In capacity-constrained airports such as London Heathrow, legacy carriers can still be profitable without relying on low-cost feed, said Javier Suarez, senior manager network planning at Spanish carrier Vueling.
However, he does not believe this to be the case in airports with room to grow, such as Madrid-Barajas.
"Iberia faces competition here from Ryanair and EasyJet. [Airlines in this situation] will have two airlines operating for them - a regional airline and they will also need a low-cost carrier to compete with the existing low-cost carriers," said Suarez.
Moving on to the subject of the viability of airlines with a long-haul, low-cost model, Virgin Atlantic commercial director Edmond Rose said that while there is a possibility of success on shorter sectors, with fuel representing such a "massive chunk" of costs it would be "difficult to compete" on the longer routes.

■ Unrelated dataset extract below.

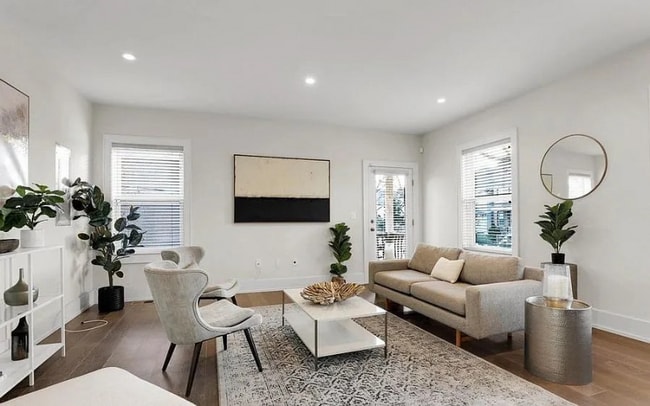 Photo - 456 Randolph St NW Unit 1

"Long-haul, low-cost may work in the 5-8h sector, but for all long-haul airlines fuel represents 35-40% of their costs and it's difficult to come in with a higher aircraft utilisation [on longer sectors]," said Rose.
However, in an obvious dig at certain Middle Eastern carriers, Suarez said he "considers Gulf carriers as long-haul, low-cost carriers" because "they don't pay for fuel". Ouch.